Choke Hold keeps moving and is highly recommended to those that enjoy rough and tumble noir and aren't bashful when it comes to reading about a former adult film actress/producer who is not afraid of who she is and what she has become.
Also, to add to the enjoyment of the writings of Christa Faust, it is recommended one read more about this amazing writer and noir professional.
Angel Dare returns in this sequel to Christa Faust's Money Shot. The previous book was a hell-ride. The new one takes the reader on another burning episode in the life of Angel Dare, former adult movie star and now in the federal witness protection plan. At the conclusion of Money Shot, Angel had just unleashed a pack of Eastern European girls on the international gangster who'd sold them into sexual slavery. It was a bleak end after she'd taken out revenge on the punks who left her for dead. Choke Hold picks up nearly a year later.
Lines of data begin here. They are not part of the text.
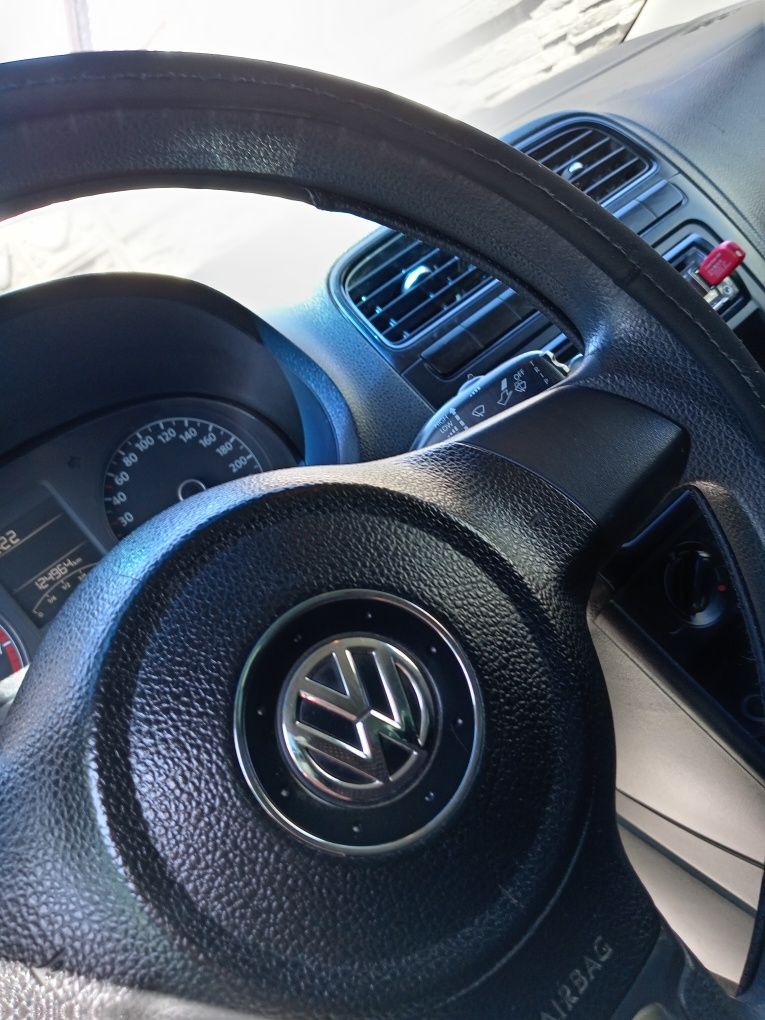 Продам Volkswagen Polo 2014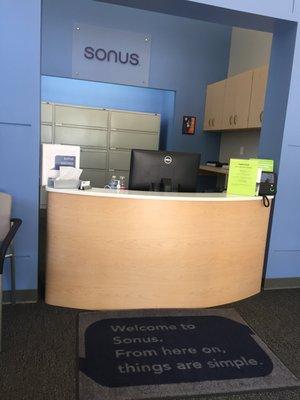 Sonus Glendale such a clean and modern office.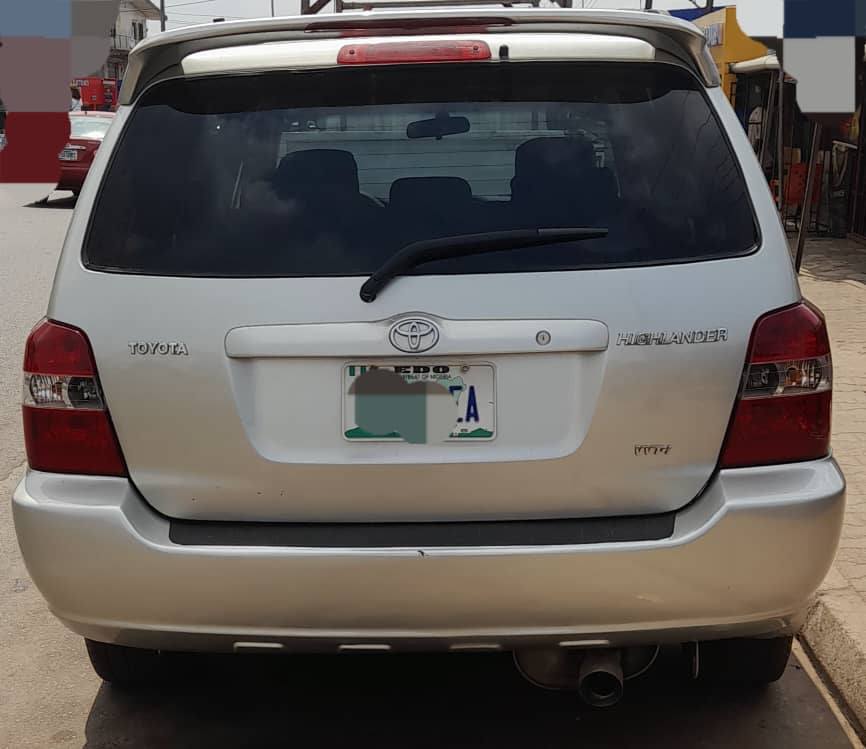 A picture of Toks Standard Registered 2005 Toyota Highlander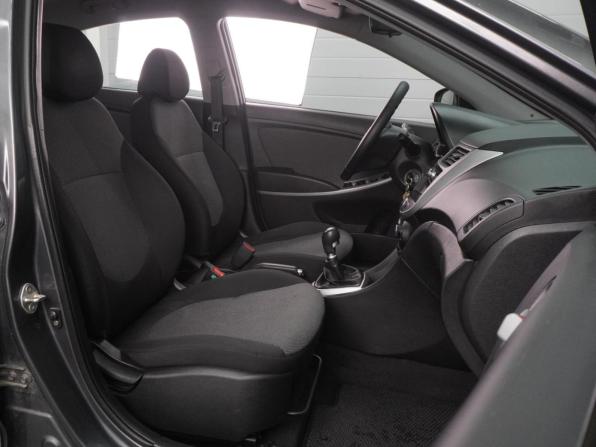 Hyundai Solaris I с пробегом 2013 года, цена 899 000 рублей, 93381 км, седан, Автокод Объявления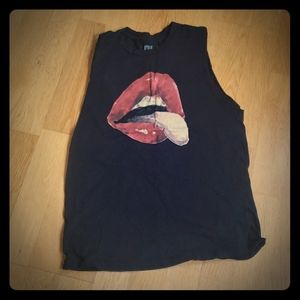 Black cut off lips 💋 tee size small
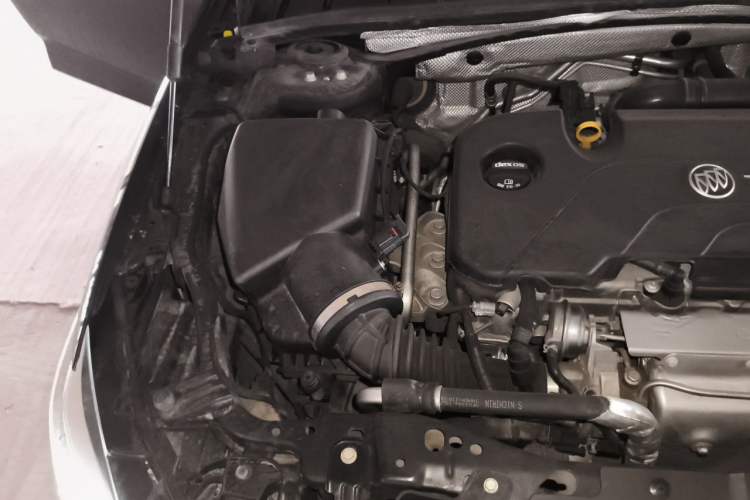 Used Buick Regal 2020 552T Elite Edition Engine Bay Right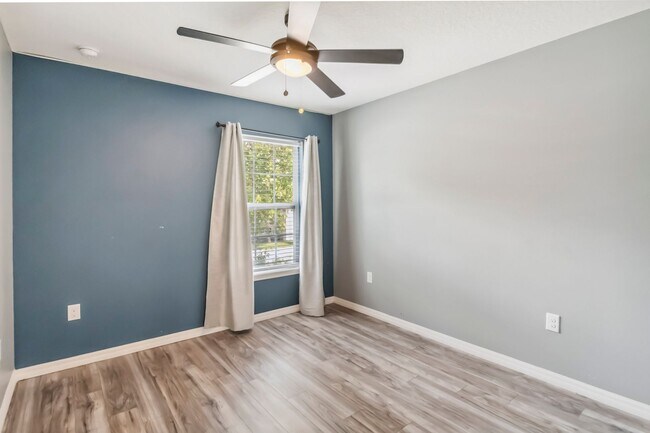 Building Photo - PENDING APPLICATION- Beautiful 4/2.5 Townh...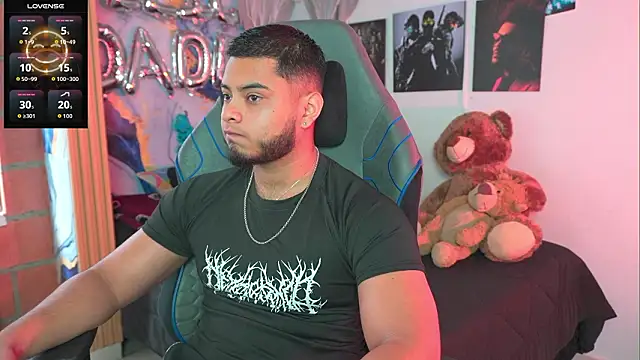 Snapshot of Tiler_wolker chatting on March 2026 07:17:02 PM Tiler wolker online show from March 2026 07:17:02 PM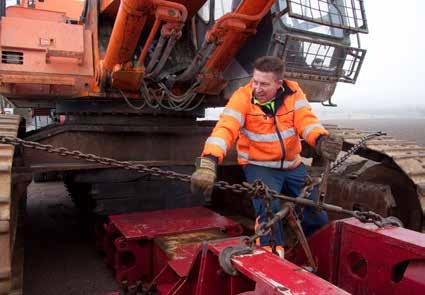 Här i Sverige har jag arbetat på två andra logistikföretag. Vilka egenskaper är bra att ha i ditt arbete?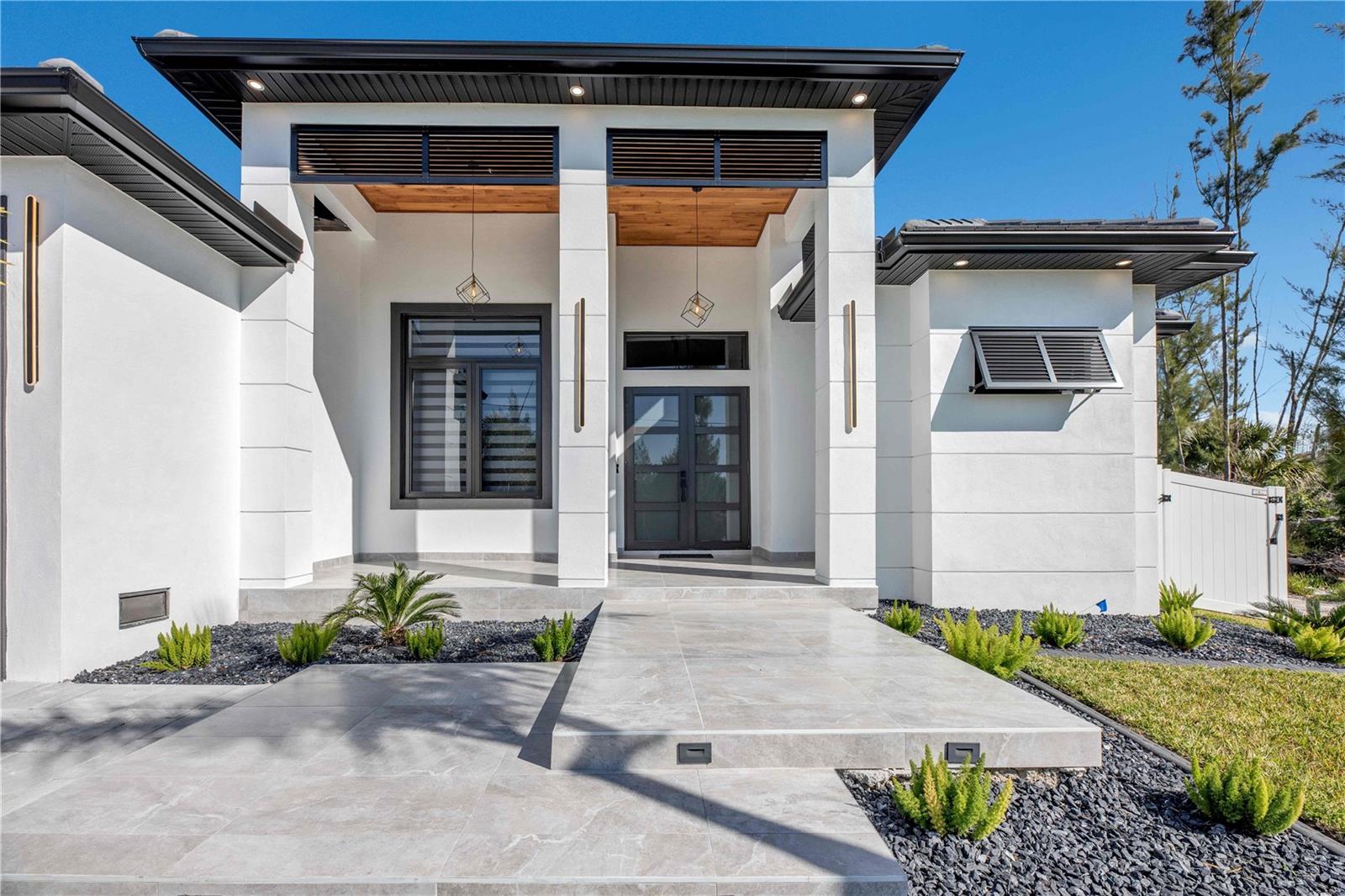 3813 SW 3RD ST, CAPE CORAL, FL, 33991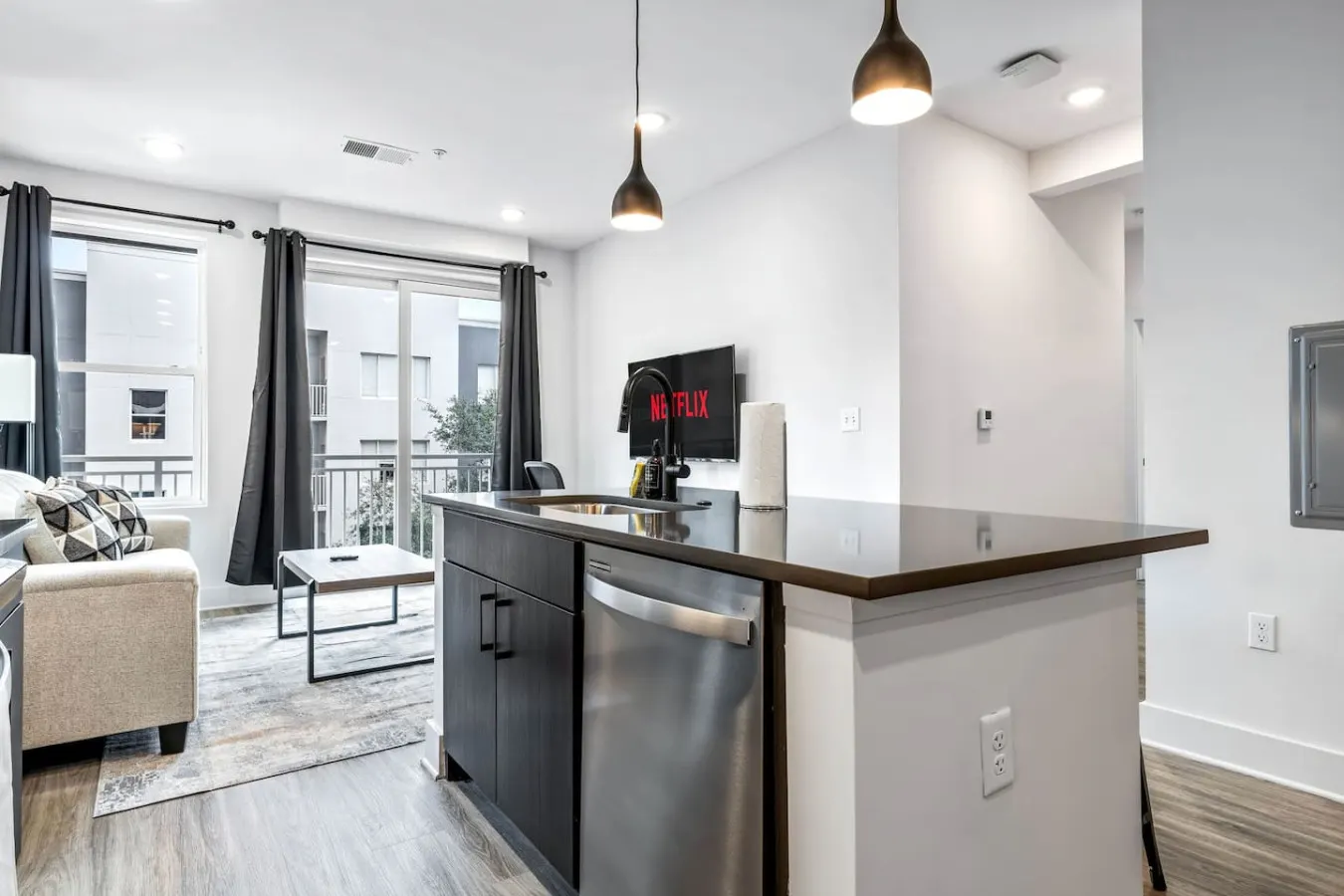 The Perfect 2BD in Channelside District Mins to DT! 12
Angel is waitressing at a cheap diner near the Arizona-Mexico boarder when one of her former co-stars and boyfriends, Thick Vic, walks in the door. A former drug addict, he's cleaned up his act and is now trying to reconnect with the son he hardly knew. But in the first chapter a gun battle erupts when gangsters come looking for Vic. Pretty soon they're after Angel too. Once again she has to flee into the night.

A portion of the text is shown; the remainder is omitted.